Task statement:
When you repeat the material, keep each line exact and omit the pictures.

Data for analysis:

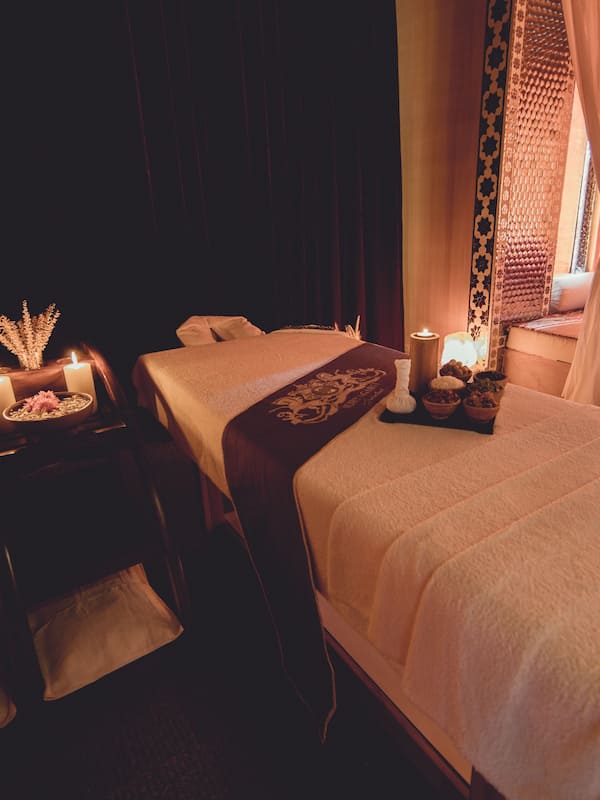 Couples treatment rooms, body treatments, aromatherapy, body wraps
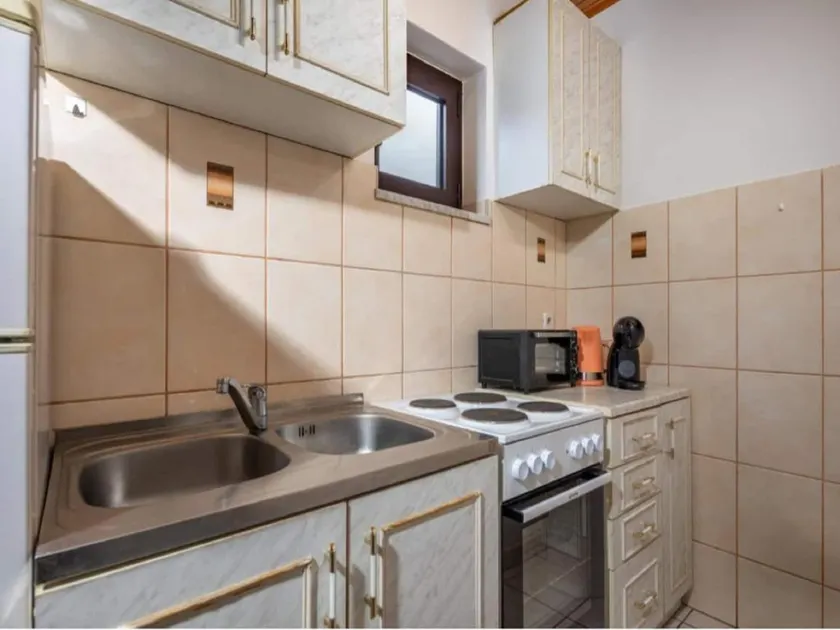Studio Apartment Iva - Image 1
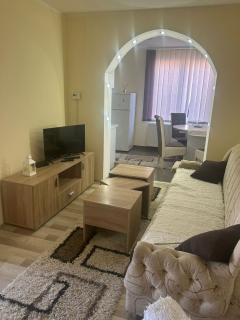 Kuća - Kragujevac - 0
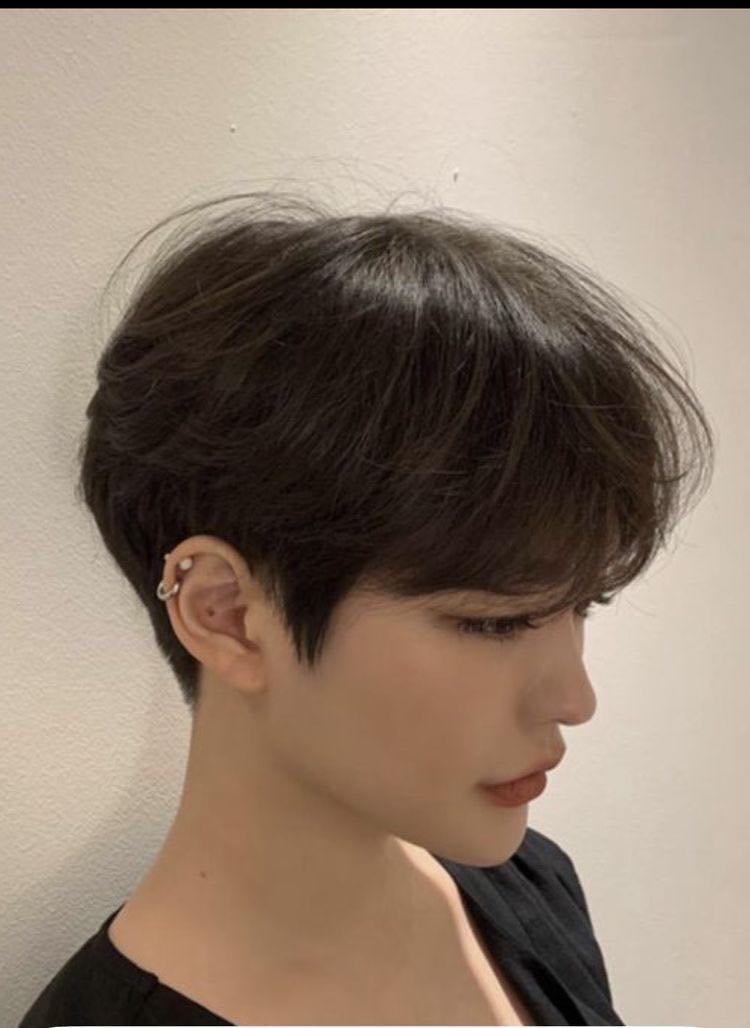ทรงผมอันเดอร์คัท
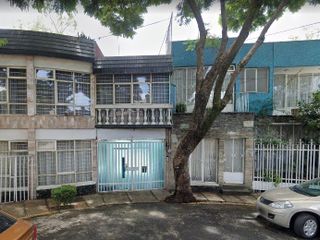 Casa en venta en Col. Prado Churubusco, Coyoacán Mg041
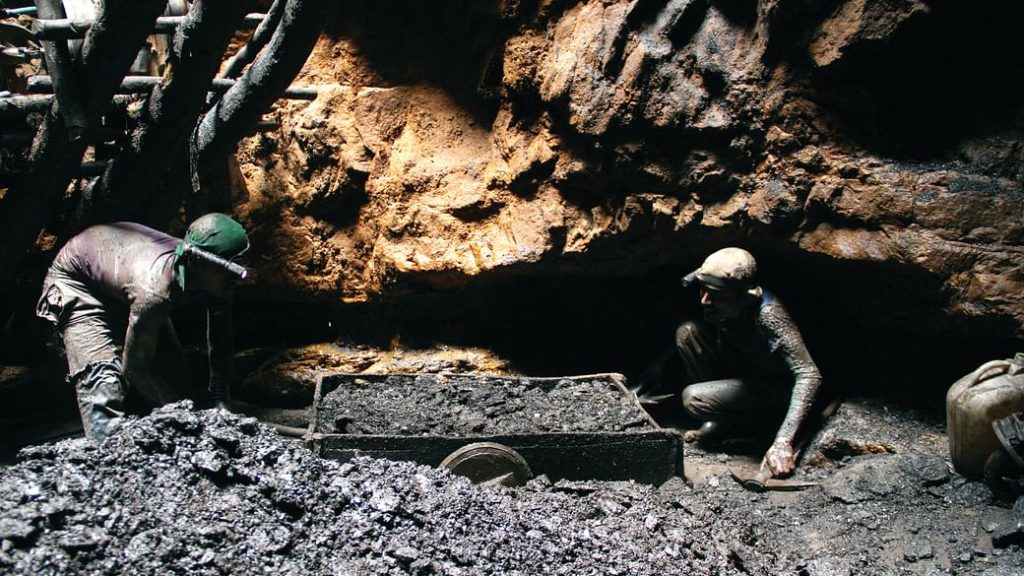Raport: Coreea de Nord își exploatează cetățenii pentru a contribui la creșterea comerțului cu cărbune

Response area:
 Couples treatment rooms, body treatments, aromatherapy, body wraps
Studio Apartment Iva - Image 1
 Kuća - Kragujevac - 0
ทรงผมอันเดอร์คัท
 Casa en venta en Col. Prado Churubusco, Coyoacán Mg041
Raport: Coreea de Nord își exploatează cetățenii pentru a contribui la creșterea comerțului cu cărbune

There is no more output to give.